What I had in mind is what argmax_reduce would return is not a complete I, but only those components designated by axes (unless the reduction is along all the axes), the remaining dimensions are encoded in the shape of the indices. So the indices are only meaningful if we also know what axes they pertain to (is this what you mean by local?).

Maybe. I'm not sure we're completely on the same page, because when I hear you say "complete" and "incomplete," I don't entirely understand what the definitions are, or why you can't compute offsets of "incomplete" indices.

All I'm saying is that for argmax_reduce, we need to define E!

In my nomenclature, "local" is when E is the shape of the subspan implied by input and axes.

For example:

input =  // assume input is a scalar tensor with shape [ 7, 3, 5, 2 ]
output = argmax_reduce( input, axes = [ 0, 2, 3 ] );

Now, if E is "local", then the shape of E is [ 7, 1, 5, 2 ], because axes specifies that dimensions 0, 2, and 3 are reduced, and dimension 1 is not.

But, if E is "global," then the shape of E is the same as the shape of input, i.e. [ 7, 3, 5, 2]

Either way, we always know how to compute between offsets and indices because nothing about E is left unspecified.

Note: I do not try to squeeze out the singleton dimensions when E is "local," because the singleton dimensions of E implicitly encode what the original value of axes was in this case, and that turns out to be very valuable information. For example, it retains the integrity of the indices returned by argmax_reduce and alleviates the need for passing axes around to other operations, as you've suggested. Especially in our softmax_cross_entropy use case, this idea is taken advantage of.

Also: Do not confuse the shape of E with the shape of output! The shape of output should still be exactly as the current NNEF standard specifies. Remember, E is the shape used to calculate the offsets and/or indices which are returned in the actual integer values of output.
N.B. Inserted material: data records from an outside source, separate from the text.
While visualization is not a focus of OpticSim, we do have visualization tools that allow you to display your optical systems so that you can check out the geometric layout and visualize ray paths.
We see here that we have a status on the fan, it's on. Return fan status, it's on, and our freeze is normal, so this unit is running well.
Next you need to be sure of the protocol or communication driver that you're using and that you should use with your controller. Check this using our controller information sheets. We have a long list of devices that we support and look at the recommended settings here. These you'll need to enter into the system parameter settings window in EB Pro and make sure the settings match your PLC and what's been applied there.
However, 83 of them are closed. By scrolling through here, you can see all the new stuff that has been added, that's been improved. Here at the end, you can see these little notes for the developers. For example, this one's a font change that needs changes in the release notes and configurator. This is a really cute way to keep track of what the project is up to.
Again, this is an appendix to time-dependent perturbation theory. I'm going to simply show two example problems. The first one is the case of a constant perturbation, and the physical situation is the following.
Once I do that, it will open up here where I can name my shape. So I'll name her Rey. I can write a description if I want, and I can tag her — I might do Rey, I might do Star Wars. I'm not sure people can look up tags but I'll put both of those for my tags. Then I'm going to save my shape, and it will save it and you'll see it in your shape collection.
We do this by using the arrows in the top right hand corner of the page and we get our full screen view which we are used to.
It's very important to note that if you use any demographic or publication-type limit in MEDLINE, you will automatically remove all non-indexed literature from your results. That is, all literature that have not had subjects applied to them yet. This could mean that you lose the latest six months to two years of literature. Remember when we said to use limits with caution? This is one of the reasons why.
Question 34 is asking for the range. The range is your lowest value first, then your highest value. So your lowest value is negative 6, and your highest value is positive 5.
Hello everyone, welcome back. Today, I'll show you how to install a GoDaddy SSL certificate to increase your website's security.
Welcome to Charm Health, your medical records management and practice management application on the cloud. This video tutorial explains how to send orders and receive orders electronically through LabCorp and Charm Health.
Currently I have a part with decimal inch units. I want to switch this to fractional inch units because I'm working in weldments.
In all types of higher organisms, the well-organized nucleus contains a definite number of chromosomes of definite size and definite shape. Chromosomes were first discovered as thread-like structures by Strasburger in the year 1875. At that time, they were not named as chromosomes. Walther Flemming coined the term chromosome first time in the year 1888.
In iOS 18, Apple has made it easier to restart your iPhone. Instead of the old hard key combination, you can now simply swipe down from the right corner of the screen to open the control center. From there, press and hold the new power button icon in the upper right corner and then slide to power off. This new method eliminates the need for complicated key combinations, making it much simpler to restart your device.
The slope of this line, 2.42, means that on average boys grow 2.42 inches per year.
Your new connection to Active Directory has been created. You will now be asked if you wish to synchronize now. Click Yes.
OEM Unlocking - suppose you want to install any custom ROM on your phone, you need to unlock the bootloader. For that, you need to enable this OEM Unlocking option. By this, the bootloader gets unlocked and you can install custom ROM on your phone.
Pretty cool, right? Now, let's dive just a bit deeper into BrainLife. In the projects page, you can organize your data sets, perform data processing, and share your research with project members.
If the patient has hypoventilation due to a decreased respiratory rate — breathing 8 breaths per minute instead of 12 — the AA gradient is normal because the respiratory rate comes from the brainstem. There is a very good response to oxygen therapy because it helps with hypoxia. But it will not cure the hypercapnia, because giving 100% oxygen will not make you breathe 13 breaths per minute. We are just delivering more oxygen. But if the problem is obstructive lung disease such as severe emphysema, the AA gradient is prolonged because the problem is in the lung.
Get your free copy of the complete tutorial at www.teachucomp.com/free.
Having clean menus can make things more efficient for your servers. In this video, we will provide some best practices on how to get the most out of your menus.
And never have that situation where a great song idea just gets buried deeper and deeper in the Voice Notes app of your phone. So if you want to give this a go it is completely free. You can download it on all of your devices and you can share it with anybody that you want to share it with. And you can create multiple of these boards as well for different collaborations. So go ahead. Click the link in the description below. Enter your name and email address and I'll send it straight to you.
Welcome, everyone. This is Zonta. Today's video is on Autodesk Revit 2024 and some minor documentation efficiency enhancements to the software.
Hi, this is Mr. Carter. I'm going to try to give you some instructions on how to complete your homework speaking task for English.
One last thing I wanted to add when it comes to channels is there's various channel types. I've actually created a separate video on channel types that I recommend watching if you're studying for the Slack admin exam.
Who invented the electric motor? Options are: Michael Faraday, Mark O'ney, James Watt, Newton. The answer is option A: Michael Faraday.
gyenesvi commented 2 days ago

By incomplete (or maybe partial is a better word) I simply mean that only index components corresponding to axes are returned. So the number of index components in an index tuple (pointing to a single item) may be less than the number of dimensions of input. They are not always n dimensional, they may be k < n dimensional. This is why such a multi-index is insufficient for calculating the original offset in input, you cannot substitute them into the formula you wrote above as some components are missing.

The reason I find your local vs global distinction hard to interpret, is that the index components returned correspond exactly to those dimensions where your local and global definition of E agree. So in that sense it simply does not matter; for the definition of argmax_reduce, we don't need to specify any definition of E, all we need to know is that k <= n indices are returned, corresponding to the axes of length k (and the axes are obviously interpreted wrt the input). That is enough information to use the indices to pick out the designated values, given that somehow we know which axes they pertain to (and we can loop over the remaining dimensions to complete the partial index tuples). And as you say, if we don't squeeze the reduced dimensions out of indices, then gather_elements does not even need to get axes again; as the singleton dimensions encode that. Though I think there's a corner case here, if multiple dimension in the original input shape happened to be singleton to start with, then we later cannot necessarily tell which dimension was reduced over just by looking at the shape of the returned indices tensor and comparing it with the shape if input, as it will be ambiguous.